Full Time IT Employees No Longer Needed? Contractual Hiring Increase By 22% In IT Firms
With more companies reducing bench size, India’s IT industry is renewing its drive for flexible staffing. For many firms, Flexi hiring is becoming the norm. Having a talent for niche skills has become a challenge for It Sectors, resulting in a steady rise in demand.Â
According to the policy document, the nature of work has changed as a result of technological advancements, the evolution of new economic activities, organisational structure innovation, and emerging business models.
“The lockdown period also saw the growth of the gig economy and increasing work from home in the organized sector,” the survey tabled in Parliament said on Friday.
“Agile-based DevOps (software development and IT operations) delivery involves short cycle times, and customers look to meet their needs using Flexi-staffing. Customers prefer to have a core team of full-time employees, but they use contractual staff to be able to ramp up and down based on specific requirements to maximize efficiency,” said Ramesh Alluri Reddy, director of managed services and professional services, Adecco Group India, a global staffing firm.
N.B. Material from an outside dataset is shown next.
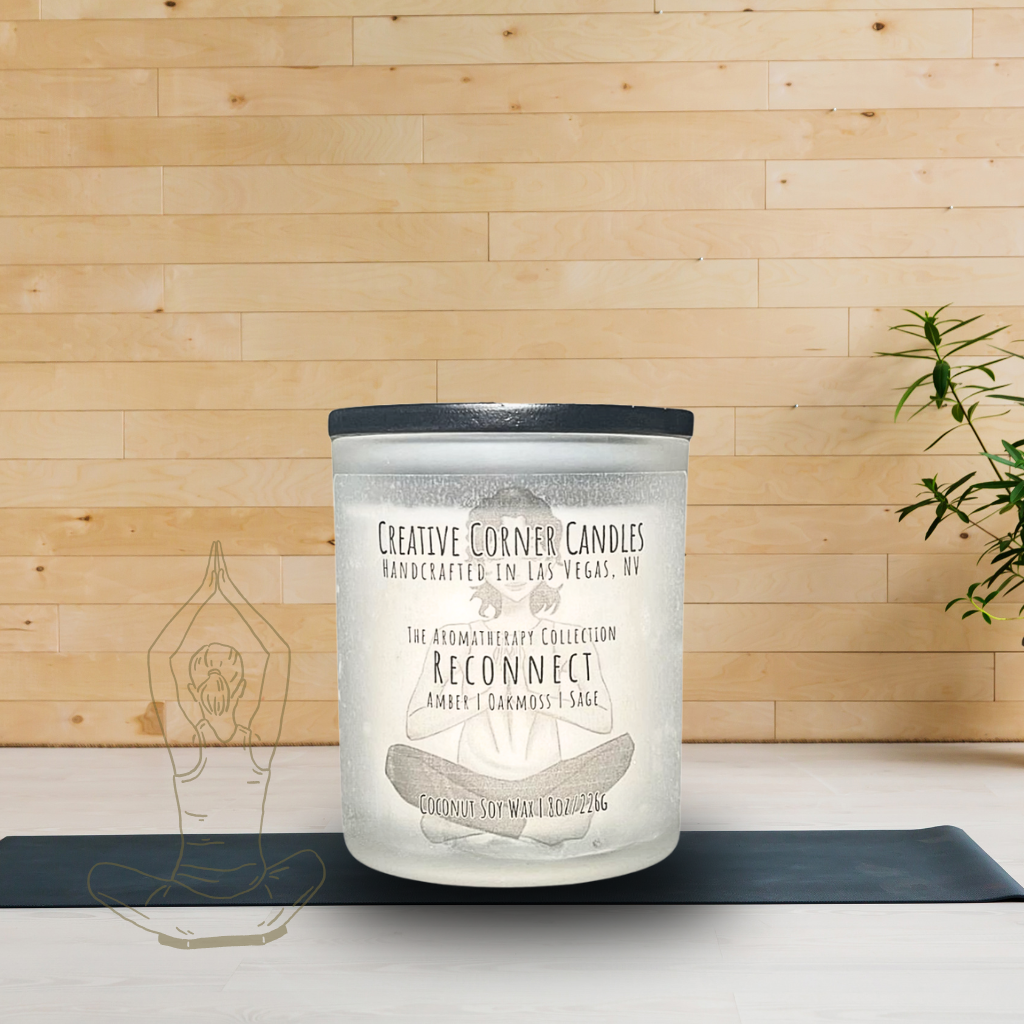 Reconnect handcrafted candles with an energizing scent and a label featuring a hand-drawn illustration of a woman doing the Sukhasana yoga pose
The Benefit Of a Flexi-Staffing
The increasing role of the gig economy was noticeable during covid-19 induced lockdown. E-Commerce platforms created massive opportunities amid the pandemic, according to the Economic Survey 2020-21.
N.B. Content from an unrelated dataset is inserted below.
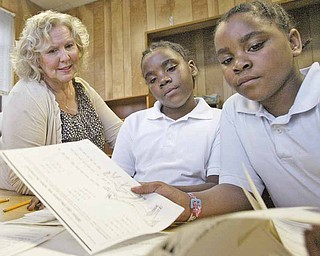 William D Lewis The Vindicator Tutor Helen Italiano works with sisters  and Naferteria, left, and Treasure Green during a tutoring session at the Rescue Mission where they live.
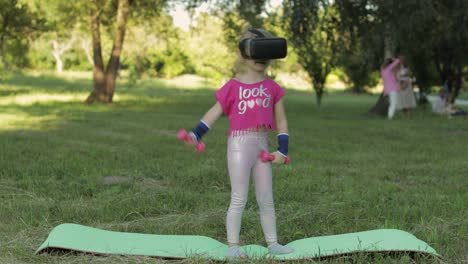 Athletic-child-girl-in-VR-headset-helmet-making-fitness-workout-exercises-with-dumbbells-in-park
According to the study, employers chose ‘work from home’ for their workers throughout the lockdown time, decreasing workforce size and hiring freelancers or outsourcing tasks to minimise overhead costs and recruit professional services.
A gig economy allows flexibility in the employer-employee relationship to both service seeker and service provider. The essence of a gig worker’s job contract is distinct from that of an employer and employee/worker. Flexi-staffing would help both workers and businesses. Employees will work when they like, take a break, and come back.
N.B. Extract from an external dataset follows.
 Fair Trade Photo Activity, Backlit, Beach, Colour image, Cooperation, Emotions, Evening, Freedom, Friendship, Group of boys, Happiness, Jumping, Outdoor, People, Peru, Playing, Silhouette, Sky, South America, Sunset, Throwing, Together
Companies, on the other hand, hire only when they are required, rather than keeping a wide bench. Their labour contracts are usually shorter and more focused on the mission or job at hand. Their working status could be contractual and it is not permanent. Pay for employment is more of a piece rate, negotiable, likely as wage or partially as profit/reward than a fixed salary.
With emerging technologies such as Artificial Intelligence and Big Data, new skill requirements are in demand. Flexi-staffing is a way to find the best person for the job depending on the project’s needs.
Flexi-staffing also helps companies save costs as they are hired only on a project-basis and can be billed as variable costs. “There is no compulsion of minimum tenure and liability. Core employees invite bench costs when the project is completed, which adds to the overall cost without revenues. It also gets sticky when employees on the bench cannot be placed elsewhere, and this leads to separation and the liabilities for the companies increase,” said Reddy from Adecco.
Shortage Of Talent In Niche And Super-Niche Technologies Is Leading Recruiters Towards Flexi-Staffing.
A Flexi-staffing strategy helps companies hire just-in-time, aligned with their business growth and needs, without having to bench, redeploy or retrain employees, said Lohit Bhatia, president, ISF.
Some of these skills and opportunities like DevOps engineers, UX designers, big data specialists, cloud architects, embedded data scientists, cybersecurity and quantum computing is slowly moving into the gig-economy.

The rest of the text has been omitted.